WHAT THE EXERCISE ASKS ::
Which of the lines in the data below contain the string "Black"? Copy each of them.
┄┄┄┄┄┄┄┄┄┄
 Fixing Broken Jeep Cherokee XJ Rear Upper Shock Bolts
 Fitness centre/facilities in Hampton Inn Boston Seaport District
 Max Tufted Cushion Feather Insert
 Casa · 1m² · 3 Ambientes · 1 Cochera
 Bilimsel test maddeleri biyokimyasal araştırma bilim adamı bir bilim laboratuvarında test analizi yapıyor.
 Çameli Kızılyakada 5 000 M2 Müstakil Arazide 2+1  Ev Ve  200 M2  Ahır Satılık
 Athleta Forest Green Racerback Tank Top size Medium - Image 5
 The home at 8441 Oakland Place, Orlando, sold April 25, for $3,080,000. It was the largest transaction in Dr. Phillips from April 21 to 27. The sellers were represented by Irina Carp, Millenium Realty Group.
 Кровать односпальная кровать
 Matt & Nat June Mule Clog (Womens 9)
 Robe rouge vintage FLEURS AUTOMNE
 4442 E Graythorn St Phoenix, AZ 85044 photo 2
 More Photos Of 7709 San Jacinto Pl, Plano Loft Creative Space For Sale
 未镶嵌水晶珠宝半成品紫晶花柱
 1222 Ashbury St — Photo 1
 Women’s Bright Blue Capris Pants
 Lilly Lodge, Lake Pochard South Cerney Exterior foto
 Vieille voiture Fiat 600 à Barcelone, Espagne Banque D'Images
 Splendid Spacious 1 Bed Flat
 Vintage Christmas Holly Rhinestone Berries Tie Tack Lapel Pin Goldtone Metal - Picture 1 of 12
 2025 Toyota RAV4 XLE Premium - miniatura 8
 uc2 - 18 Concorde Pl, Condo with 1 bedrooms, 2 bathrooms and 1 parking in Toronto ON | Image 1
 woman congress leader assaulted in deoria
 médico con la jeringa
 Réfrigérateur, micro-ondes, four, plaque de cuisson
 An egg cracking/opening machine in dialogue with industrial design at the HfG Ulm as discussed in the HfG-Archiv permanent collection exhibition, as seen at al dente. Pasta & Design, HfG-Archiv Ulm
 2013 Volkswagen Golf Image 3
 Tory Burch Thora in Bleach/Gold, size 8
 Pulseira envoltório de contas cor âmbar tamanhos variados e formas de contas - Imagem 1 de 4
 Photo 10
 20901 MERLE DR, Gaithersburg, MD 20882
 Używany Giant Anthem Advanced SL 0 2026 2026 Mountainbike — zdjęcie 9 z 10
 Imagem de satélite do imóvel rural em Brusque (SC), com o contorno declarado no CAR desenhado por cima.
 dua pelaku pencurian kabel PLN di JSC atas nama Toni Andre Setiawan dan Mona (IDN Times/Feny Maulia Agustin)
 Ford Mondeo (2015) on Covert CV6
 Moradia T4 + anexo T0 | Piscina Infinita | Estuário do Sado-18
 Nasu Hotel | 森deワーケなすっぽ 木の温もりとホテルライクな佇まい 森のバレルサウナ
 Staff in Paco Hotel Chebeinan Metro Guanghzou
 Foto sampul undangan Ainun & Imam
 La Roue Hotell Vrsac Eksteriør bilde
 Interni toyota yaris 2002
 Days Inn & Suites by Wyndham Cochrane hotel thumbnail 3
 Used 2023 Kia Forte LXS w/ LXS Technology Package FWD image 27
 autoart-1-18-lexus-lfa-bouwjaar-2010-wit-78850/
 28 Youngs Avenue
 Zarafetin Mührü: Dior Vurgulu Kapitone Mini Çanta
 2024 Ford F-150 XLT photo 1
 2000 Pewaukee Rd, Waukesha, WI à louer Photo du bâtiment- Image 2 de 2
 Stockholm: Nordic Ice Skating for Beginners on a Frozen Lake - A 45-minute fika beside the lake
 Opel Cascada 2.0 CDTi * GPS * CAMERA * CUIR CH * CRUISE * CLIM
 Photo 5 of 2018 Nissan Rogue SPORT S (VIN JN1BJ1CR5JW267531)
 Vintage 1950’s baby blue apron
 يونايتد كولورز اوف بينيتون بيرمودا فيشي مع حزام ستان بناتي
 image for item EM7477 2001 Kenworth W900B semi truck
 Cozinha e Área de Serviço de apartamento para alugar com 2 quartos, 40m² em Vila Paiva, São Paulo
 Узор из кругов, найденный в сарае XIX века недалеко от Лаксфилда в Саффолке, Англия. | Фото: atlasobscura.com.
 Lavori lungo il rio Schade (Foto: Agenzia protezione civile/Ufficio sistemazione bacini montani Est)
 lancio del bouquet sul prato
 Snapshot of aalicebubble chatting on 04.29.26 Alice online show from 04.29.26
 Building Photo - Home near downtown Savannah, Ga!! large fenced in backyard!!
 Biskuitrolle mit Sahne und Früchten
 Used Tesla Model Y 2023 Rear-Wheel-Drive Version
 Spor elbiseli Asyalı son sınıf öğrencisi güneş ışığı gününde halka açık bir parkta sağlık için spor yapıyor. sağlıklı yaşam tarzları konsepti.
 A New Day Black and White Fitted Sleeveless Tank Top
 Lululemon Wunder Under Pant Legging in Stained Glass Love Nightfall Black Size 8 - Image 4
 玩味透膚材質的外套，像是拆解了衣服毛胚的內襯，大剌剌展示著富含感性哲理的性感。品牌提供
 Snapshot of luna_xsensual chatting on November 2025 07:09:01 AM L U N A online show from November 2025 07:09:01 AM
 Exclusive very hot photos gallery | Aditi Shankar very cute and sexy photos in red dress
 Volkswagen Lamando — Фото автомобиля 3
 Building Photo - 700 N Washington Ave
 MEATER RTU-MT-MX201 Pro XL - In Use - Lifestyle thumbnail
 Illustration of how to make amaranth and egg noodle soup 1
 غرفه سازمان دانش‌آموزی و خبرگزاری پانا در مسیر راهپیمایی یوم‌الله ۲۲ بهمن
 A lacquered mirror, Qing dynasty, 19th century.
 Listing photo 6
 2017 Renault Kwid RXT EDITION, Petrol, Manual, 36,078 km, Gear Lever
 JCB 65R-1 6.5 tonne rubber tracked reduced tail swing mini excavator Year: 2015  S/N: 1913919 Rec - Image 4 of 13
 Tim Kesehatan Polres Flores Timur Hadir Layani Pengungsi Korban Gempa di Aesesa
┄┄┄┄┄┄┄┄┄┄
ANSWER SECTION ::
 A New Day Black and White Fitted Sleeveless Tank Top
 Lululemon Wunder Under Pant Legging in Stained Glass Love Nightfall Black Size 8 - Image 4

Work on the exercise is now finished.